Soren Johnson emailed this quote from the recent Synod on Evangelization to the Abbey:
…we wish to indicate to all the faithful [an] expression of the life of faith which seem particularly important to us for witnessing to it in the New Evangelization. The first is constituted by the gift and experience of contemplation. A testimony that the world would consider credible can arise only from an adoring gaze at the mystery of God, Father, Son and Holy Spirit, only from the deep silence that receives the unique saving Word like a womb. Only this prayerful silence can prevent the word of salvation from being lost in the many noises that overrun the world.
We now address a word of gratitude to all men and women who dedicate their lives in monasteries and hermitages to prayer and contemplation. Moments of contemplation must interweave with people’s ordinary lives; spaces in the soul, but also physical ones, that remind us of God; interior sanctuaries and temples of stone that, like crossroads, keep us from losing ourselves in a flood of experience; opportunities in which all could feel accepted, even those who barely know what and whom to seek.
I offer this quote not as self-congratulations but as a reminder and a call to renewed commitment. We who profess the contemplative life and to all of you who practice it, may be reminded that what we try to live is essential to the life of the Gospel for all believers, as it is to all who wrestle with belief.

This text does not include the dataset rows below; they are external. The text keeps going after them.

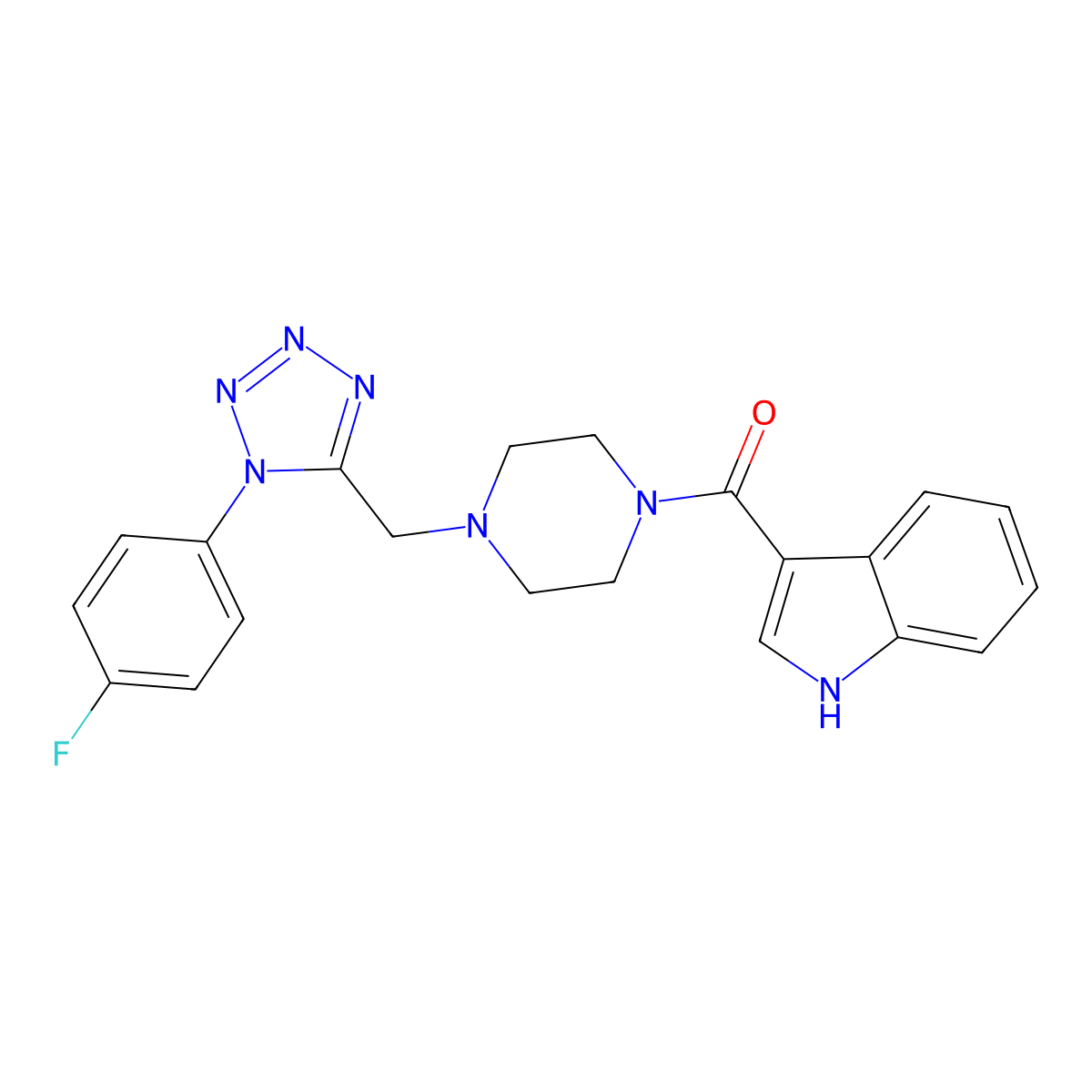 (4-((1-(4-fluorophenyl)-1H-tetrazol-5-yl)methyl)piperazin-1-yl)(1H-indol-3-yl)methanone molecular structure, CAS 1040675-85-1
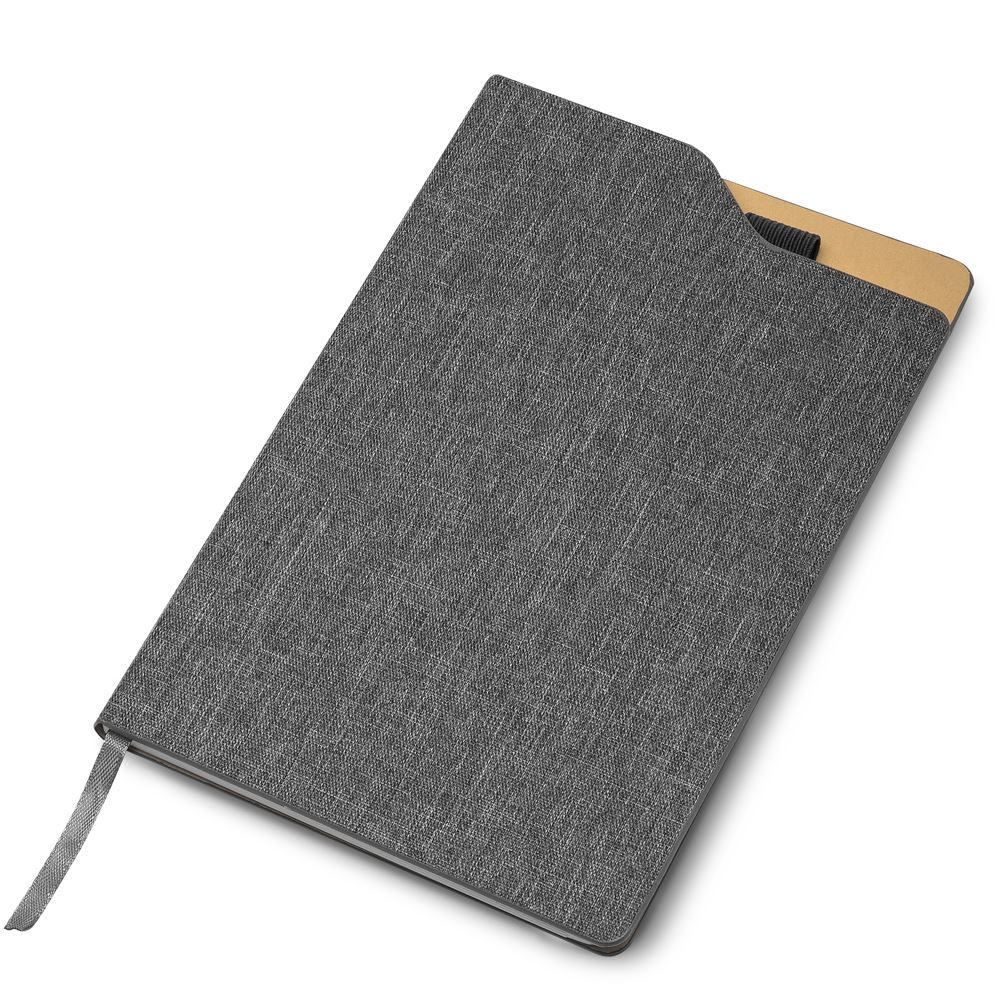 Caderno com Capa Dura e Folhas Pautadas Cinza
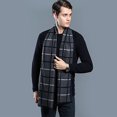 thumbnail image 4 of Bufanda de invierno JAMW para hombre Bufandas suaves y elegantes de moda Gris Cuadros blancos, 4 of 5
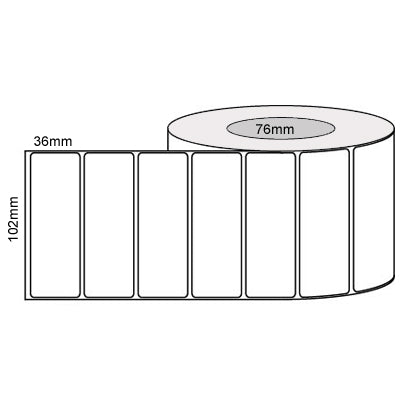 102mm x 36mm - White Thermal Transfer Poly Labels, Permanent Adhesive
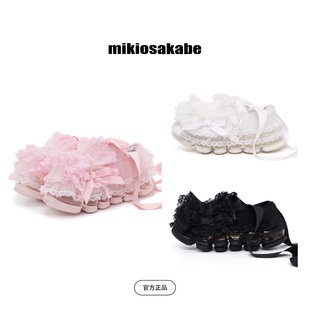 【蕾丝乐福6cm】mikiosakabe女蕾丝花园透气舒适厚底增高乐福鞋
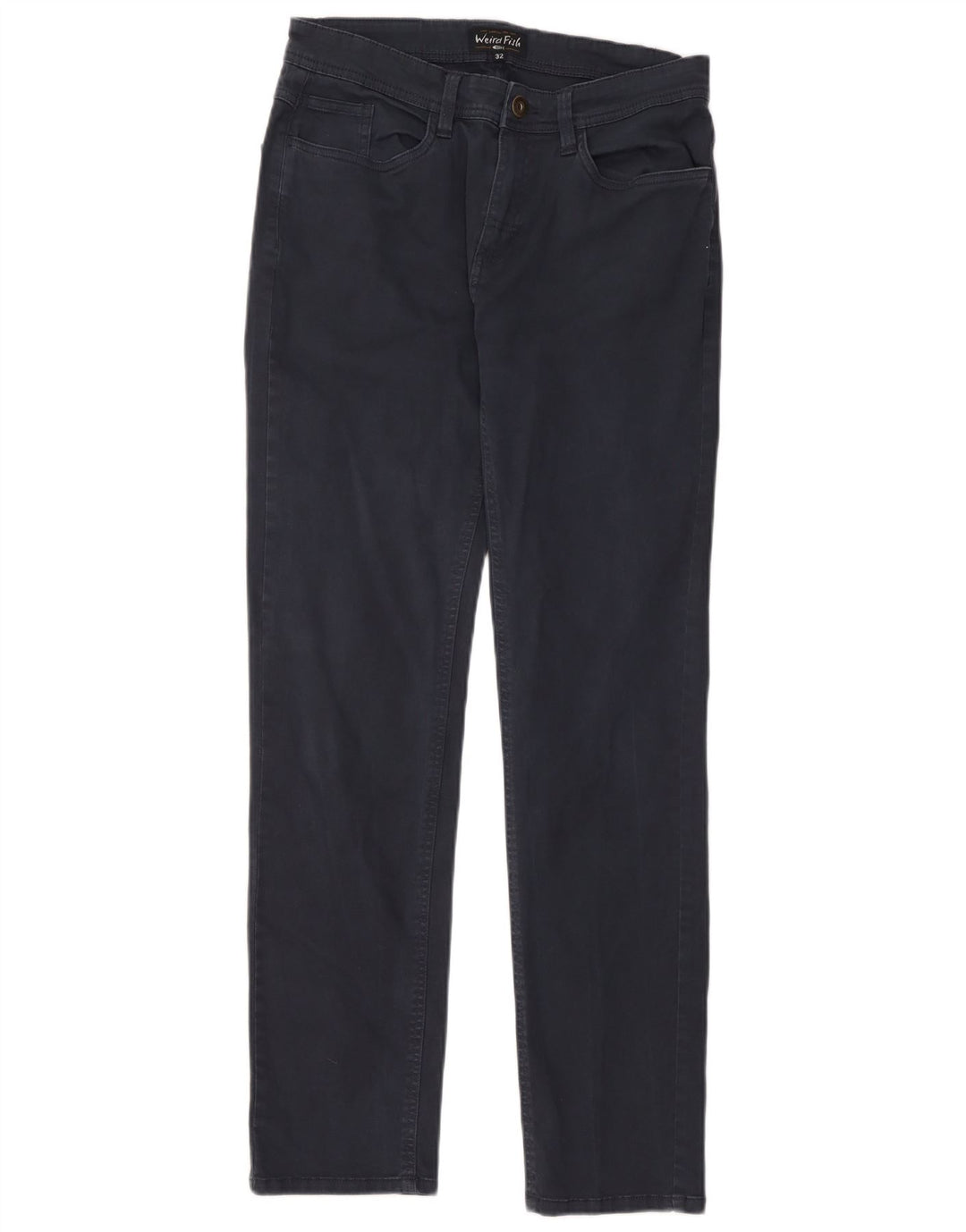 Weird Fish Mens Slim Casual Trousers W32 L31 Navy Blue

I grew up in a era when Catholicism viewed its various charisms as “specializations”. I can remember when those who taught in our schools might say that a Jesuit misionary, for example, lived out an incarnational spirituality in the world while a Carmelite nun lived an eschatological spirituality in her cloister. Wouldn’t Ignatius Loyola, with his deep capacity for contemplation, have been surprised by that typology? Wouldn’t Therese of Lisieux, with her intense missionary zeal, have been startled by such categorization? Doesn’t any Trappist at work literally handle the stuff of creation, rendering his work a vehicle for the mystery of the Incarnation? Any and every Christian is called to live the whole Gospel and to life it for the spread of the Gospel. We don’t specialize, we live the Gospel in the lives we’re called to lead.
In our monasteries, our communities strive to witness to the Gospel, that is, spread the Gospel, by our life together. Granted, that’s no small challenge; in this challenge we experience the ups and downs of every Christian family. In our monasteries we all are granted the privilege of hospitality–to our guests, our neighbors, our partners in business or local projects, our employees, our families and friends. May we always be “opportunities in which all could feel accepted, even those who barely know what and whom to seek”!